Let me first define “Data Dictionary” — It’s a document that lists data fields/metrics and their standardized definition to be used across the org.
The key here is: Standardized.
Imagine that a management team meeting is going on and you have CEO, VP of Sales, VP of Marketing, CFO, COO among others in the room.
Meeting Agenda: why they didn’t hit the $100M profit goal in the first quarter. So each of them start with the reports they had access to.
VP of Sales says they missed it by $5M
CFO says that they missed it by $9M
COO says that they missed it by $7M
VP of Marketing has three different versions on her report and she is confused!
No ONE talks about the “Why” they missed the goal but instead spends next hour reconciling the numbers!
It was a hypothetical scenario but these things happen all the time! Of course it could be any team meeting and the metric could be something else or it could just that someone is working on something on their own and end up spending a lot of time digging through all the metric definitions and trying to makes sense of it all. This is where data dictionary could help! Let’s take this a step further:
What’s one of the most important characteristic of a good data analysis/science?

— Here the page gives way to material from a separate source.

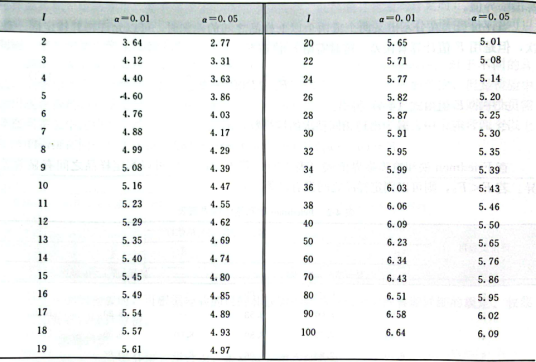 排序檢驗法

It needs to be Actionable.
It needs to help business decision makers take action based on the insights that they found or were shared with them. And before they take that decision, business decision makers need the data they can TRUST!
For data to be trusted, it needs to be understood. It needs to have a definition that everyone agrees upon.
This is what data dictionary is for. It lists data fields/metrics and their standardized definition so that everyone in the org understands what the field/metric means and don’t have to worry about aligning their meaning. They could focus on Analyzing and extracting insights that would change the business and the world!